We changed our name to RAPT Therapeutics (formerly FLX Bio) to more accurately represent the company’s unrelenting determination and passionate drive to leverage our expertise in immunology, small molecule drug discovery and computational biology to conquer cancer and allergic inflammatory diseases. The name RAPT Therapeutics embodies our unwavering focus to apply scientific rigor and discipline to advance best-in-class, oral treatments that intelligently target key drivers of the immune system to more effectively and safely combat cancer and allergic diseases, and importantly, improve patients’ lives.

Utilizing our proprietary discovery and development engine, we develop highly selective small molecules that are designed to modulate critical immune responses underlying cancer and allergic inflammatory diseases. We have discovered and advanced two drug candidates each uniquely targeting CCR4. Our lead oncology drug candidate, FLX475, reached the clinic in just 2.5 years and we expect our lead inflammation drug candidate, RPT193, to enter the clinic in the second half of 2019.

Our lead oncology drug candidate, FLX475, selectively inhibits the migration of immunosuppressive regulatory T cells (Treg) into tumors. In a Phase 1 clinical study in 104 healthy volunteers, FLX475 was well tolerated and demonstrated favorable drug like properties with a high level of target engagement. We are currently conducting a Phase 1/2 clinical study investigating FLX475 as a single agent and in combination with pembrolizumab, a PD-1 antibody, in patients with “charged” tumors who we believe have the greatest probability of clinical benefit. We anticipate announcing clinical proof-of-concept data from this study in the first half of 2020.

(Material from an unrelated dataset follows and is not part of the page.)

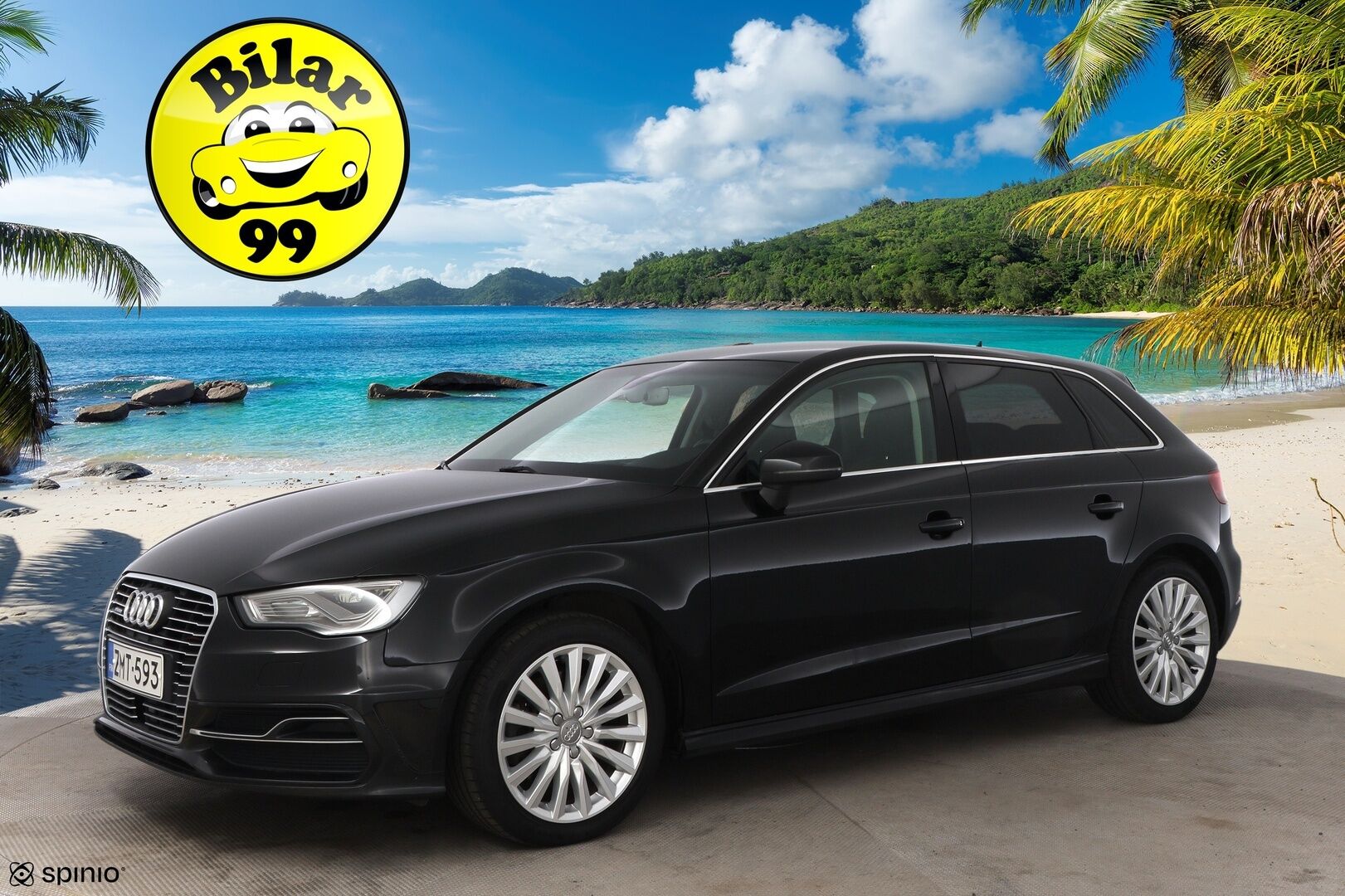 Audi A3 2015 Sportback Business Sport 1,4 TFSI e-tron S tronic - Vakkari / Peruutustutka / Lane Assist / Sporttipenkit / LED / KeylessGo / Kahdet hyvät merkkirenkaat / Juuri tullut!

Our lead inflammation drug candidate, RPT193, is designed to selectively inhibit the migration of type 2 T helper cells (Th2) into allergically-inflamed tissues. Th2 cells are clinically validated driver of allergic diseases such as asthma, chronic urticaria (skin rash), allergic conjunctivitis, rhinosinusitis and eosinophilic esophagitis (inflammation of the esophagus). In multiple preclinical models of allergic inflammation, oral dosing of RPT193 demonstrated activity in reducing inflammation comparable to leading injectable biologics with validated clinical activity. Preclinical toxicology studies demonstrate a safety profile that supports chronic dosing. We believe the preclinical safety and efficacy results combined with the convenience of oral dosing suggest a profile competitive with standard of care, including steroids and dupilumab, as well as clinical-stage drug candidates, such as the JAK inhibitors. We expect to initiate a seamless Phase 1 study of RPT193 comprised of a Phase 1a single and multiple dose escalation cohorts of healthy volunteers in the second half of 2019, followed by placebo-controlled Phase 1b testing in patients with moderate to severe atopic dermatitis.

In addition we are identifying lead compounds that inhibit general control nonderepressible 2 (GCN2), which we believe is a fundamental regulator of antitumor immunity and tumor cell survival. In preclinical studies, our lead molecule has demonstrated the ability to fully restore T cell proliferation and function in nutrient-deprived conditions, enhance tumor cell death and elicit anti-tumor responses. We anticipate filing an IND with the FDA in 2020.

We are also pursuing a range of targets including HPK1 that are in the discovery stage of development.